Les mathématiciens ont de leur côté mieux pris la mesure de la complexité expérimentale du phénomène et ont développé des modèles la prenant mieux en compte. On peut à cet égard citer l’article de Hölden-Risebro (1995) sur les problèmes aux limites sur un réseau routier, les travaux d’Aw et Rascle (2000), Zhang (2002), Greenberg (2000), Benzoni - Colombo(2003), sans oublier les multiples travaux sur la modélisation cinétique du trafic, depuis Prigogine-Herman, dans les années 50, jusqu’aux nombreux travaux récents de Nelson, Klar et al, Illner, et bien d’autres, en particulier Helbing. Nous ne détaillons pas plus les travaux dans ce domaine très actif, car ce n’est pas l’orientation de ce projet, mais nous en retenons la problématique classique et essentielle du passage du discret (ou du cinétique) au continu, voir dans le premier cas Zhang (20002), Aw- Klar- Materne- Rascle (2002), et dans le deuxième Klar et al (2003).
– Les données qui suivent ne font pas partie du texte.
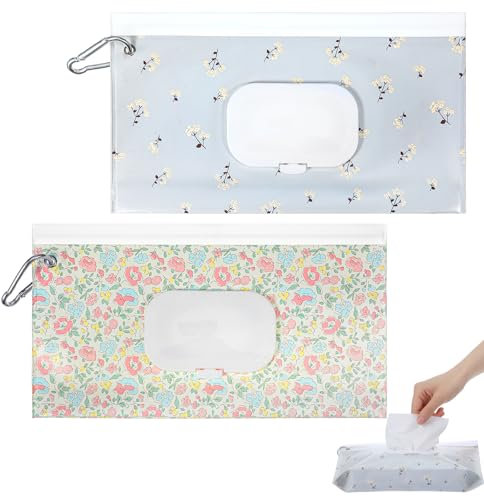 Mabor 2 Pcs Baby Wipes Dispenser, Portable Baby Wipe Holder Refillable Wet Wipes Container Reusable Travel Use, Keeps Wipe Fresh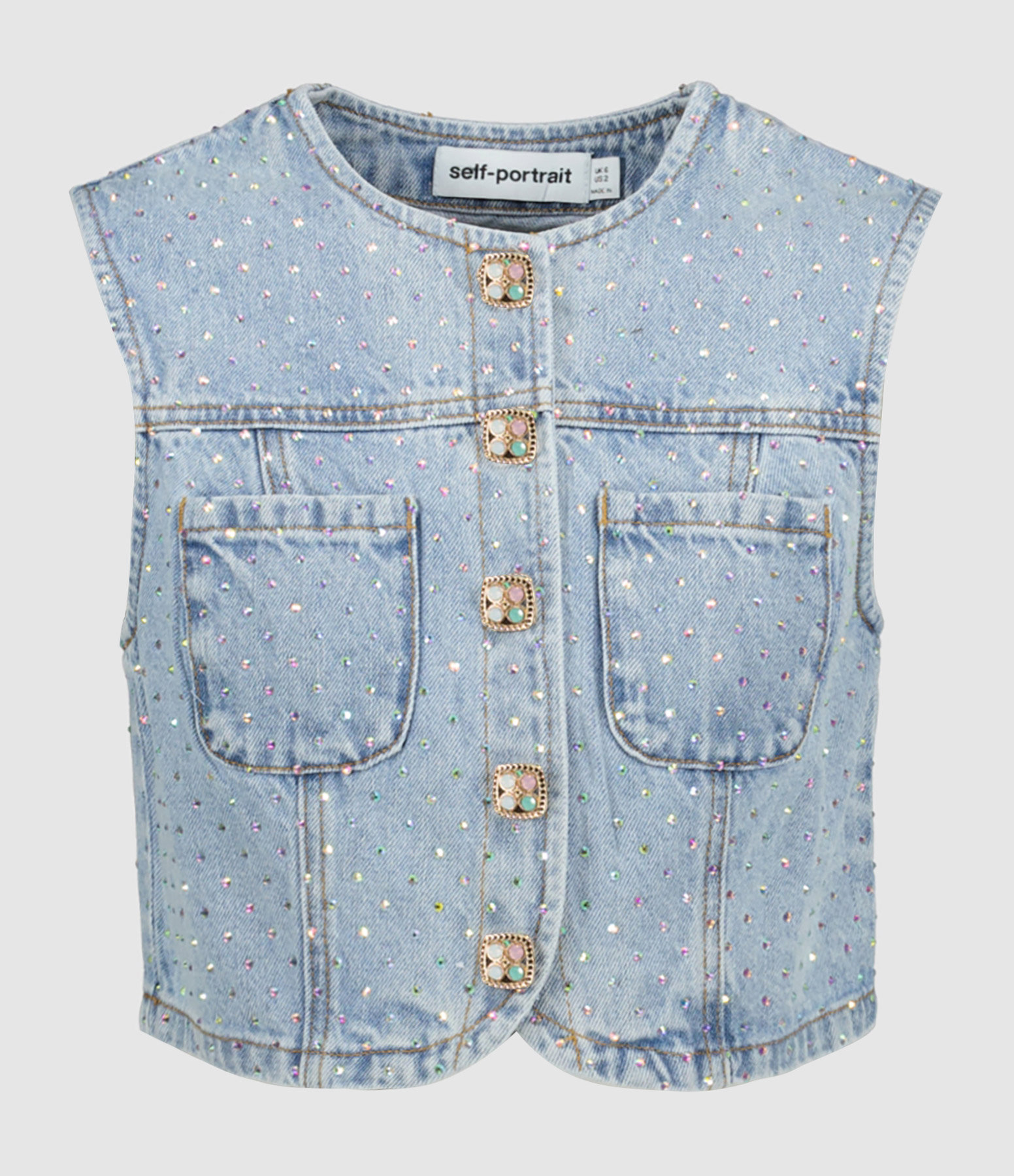 Top Rhinestone Light Blue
Mentionnons aussi l’application à la modélisation hyperbolique du trafic des progrès substantiels réalisés depuis vingt ans sur la simulation numérique des problèmes hyperboliques non linéaires, voir par exemple Shu- Wong-Wong (2003), et les travaux de LeRoux et al dans l’esprit des « well balanced schemes » de Greenberg-LeRoux.
Enfin des chercheurs issus d’autres disciplines, notamment de l’informatique et del’automatique ou de la physique, ont également renouvelé le sujet, les uns en étudiant les problèmes difficiles - et passionnants – d’affectation, les autres en apportant d’autres techniques de modélisation, telles que l’utilisation des automates cellulaires : mentionnons notamment Kerner, Nagel, et en particulier les travaux de Cécile Appert et L. Stanten etc..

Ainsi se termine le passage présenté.